Records from a data collection:
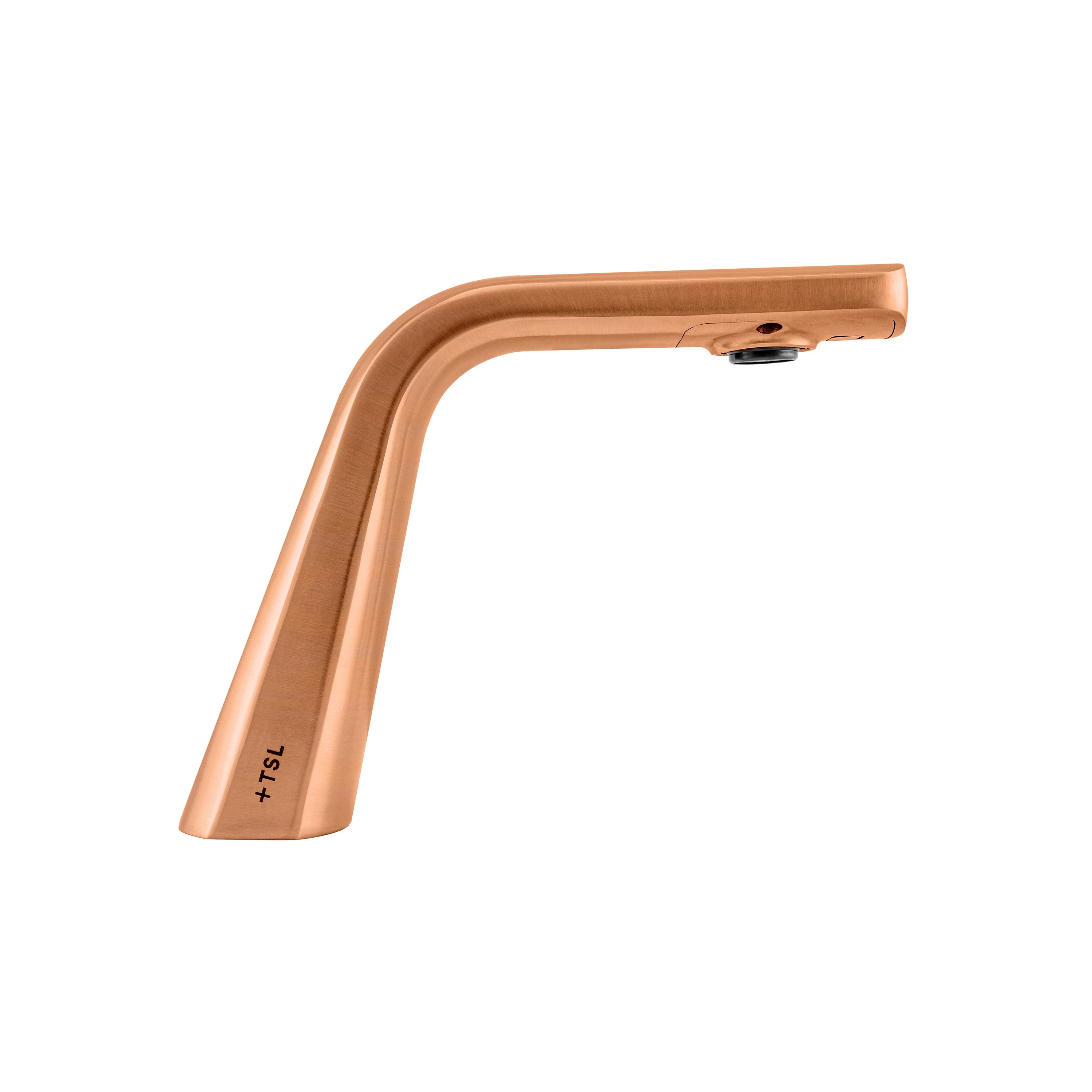 Ribbon | PVD Copper The Ribbon Sensor Tap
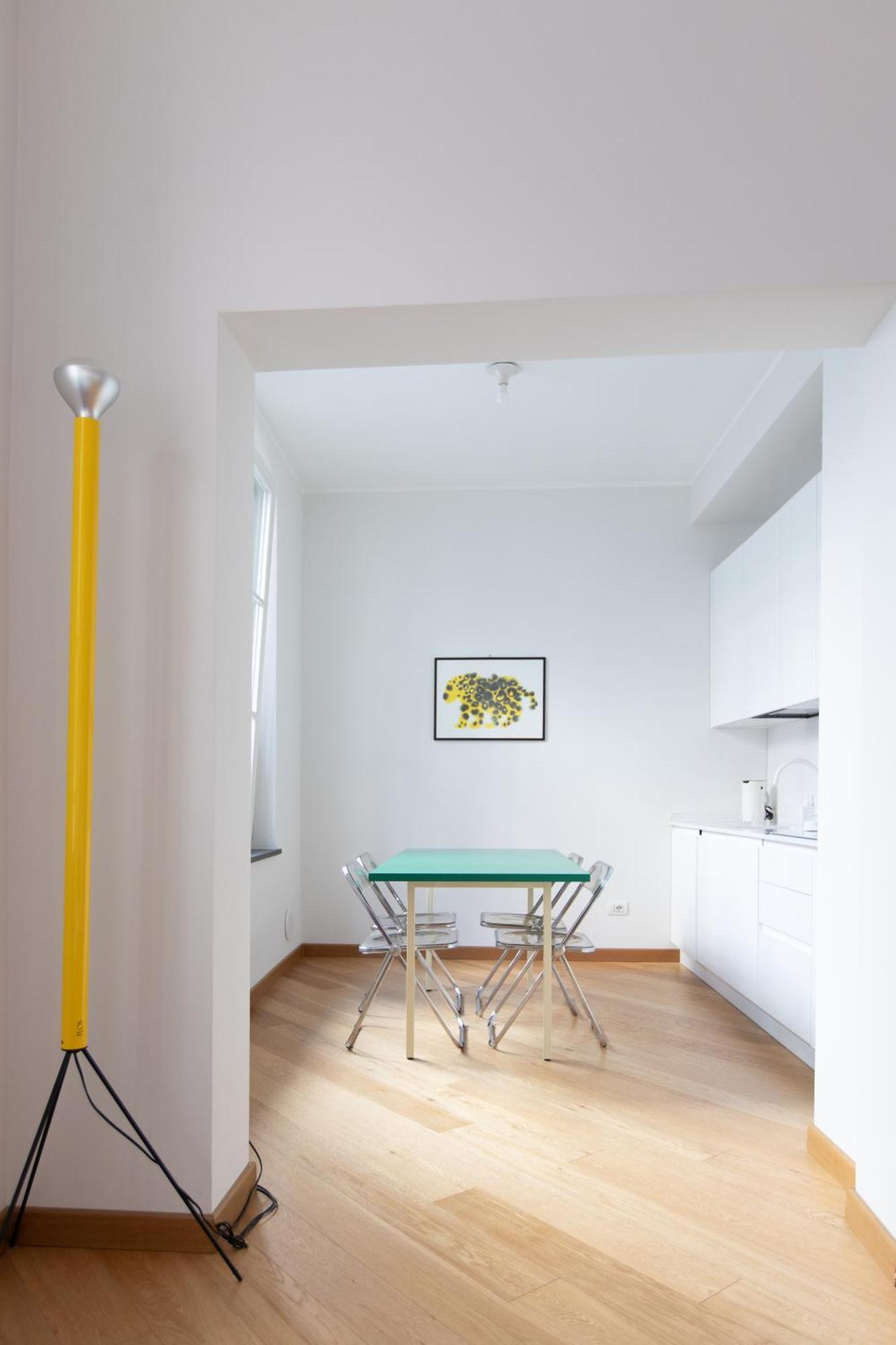 Apartment Splendido Nel Cuore Di Genua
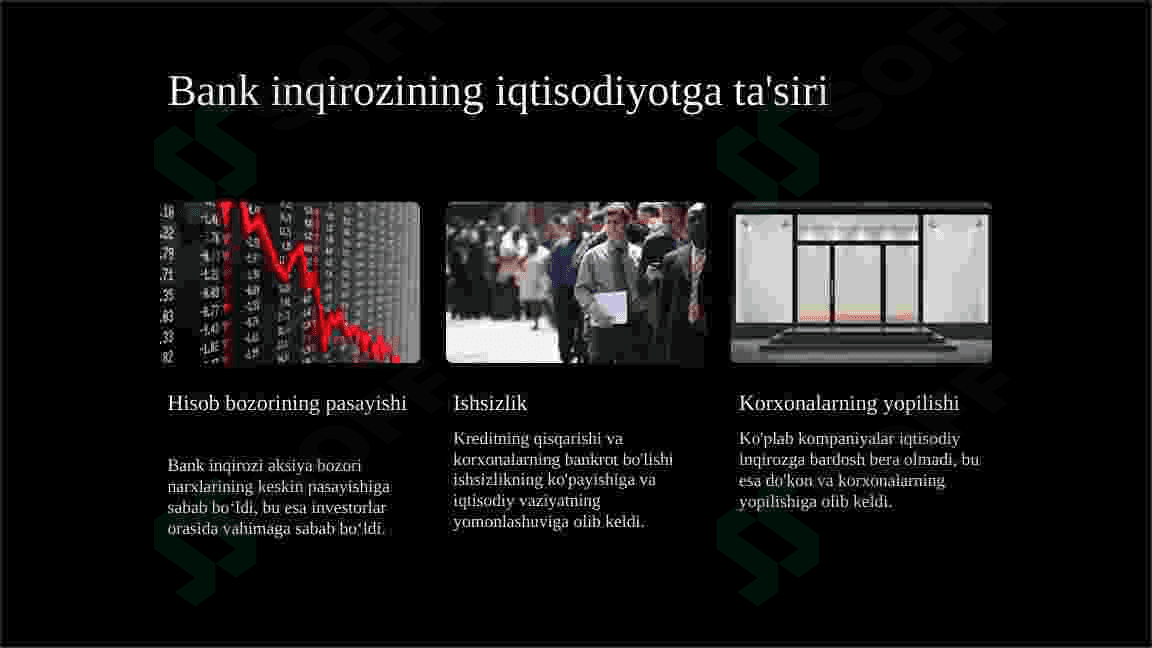 Bank inqirozi 4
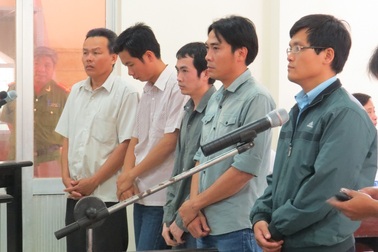 Sắp xử phúc thẩm vụ 5 công an dùng nhục hình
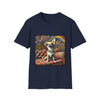 Chihuahua Blissful Swirl | Unisex Dog T-Shirt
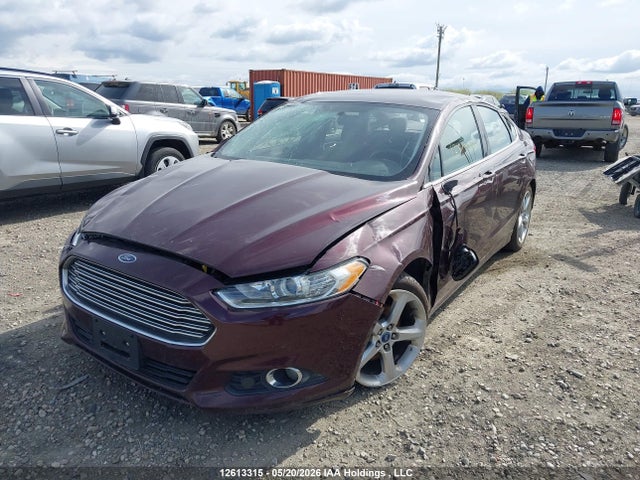Продажа на аукционе авто 2013 Ford Fusion Se, vin: 3FA6P0HR0DR366805, номер лота: 12613315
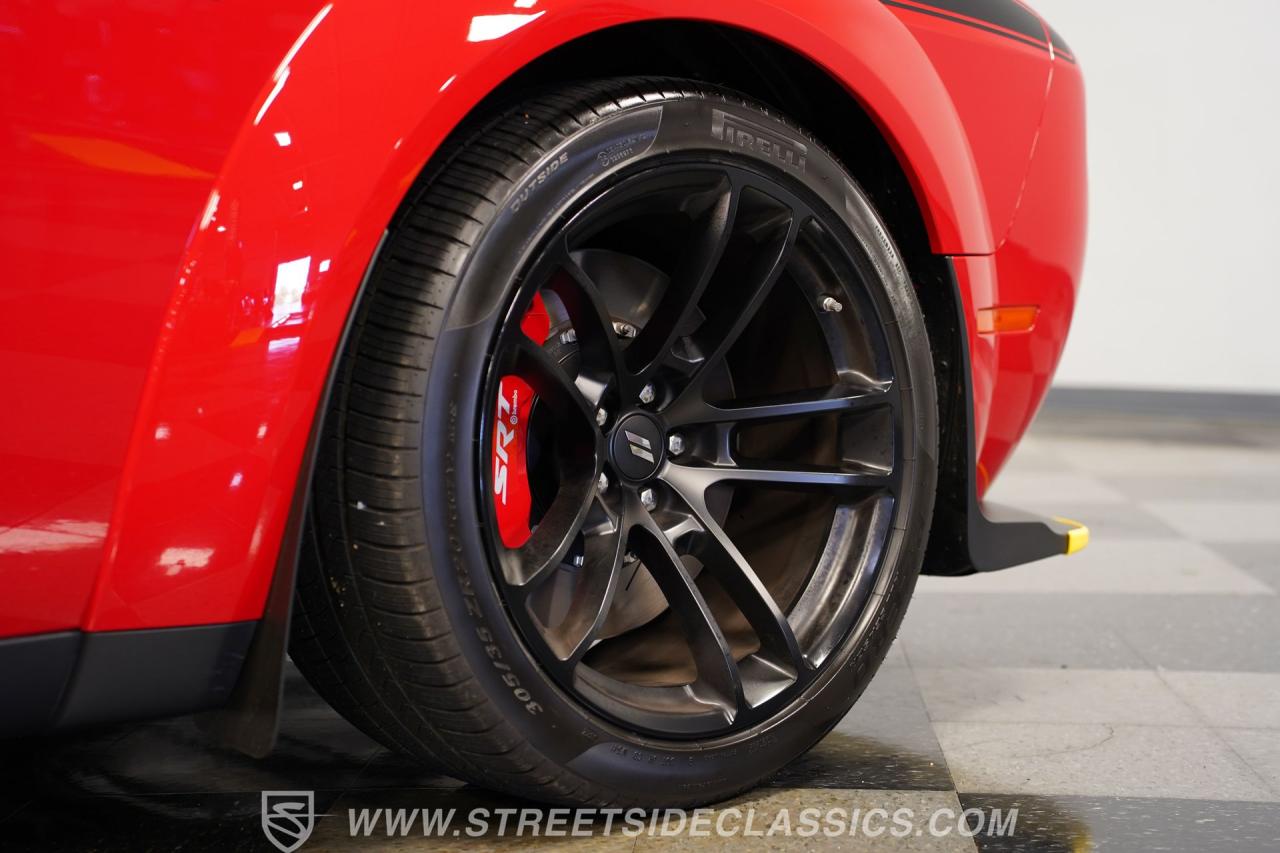 2022 Dodge Challenger R/T Scat Pack T/A 392 Widebody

▸ **The task**
Pictures stay out; copy every entry above exactly.

▸ **Result below**
 Ribbon | PVD Copper The Ribbon Sensor Tap
 Apartment Splendido Nel Cuore Di Genua
 Bank inqirozi 4
 Sắp xử phúc thẩm vụ 5 công an dùng nhục hình
 Chihuahua Blissful Swirl | Unisex Dog T-Shirt
Продажа на аукционе авто 2013 Ford Fusion Se, vin: 3FA6P0HR0DR366805, номер лота: 12613315
 2022 Dodge Challenger R/T Scat Pack T/A 392 Widebody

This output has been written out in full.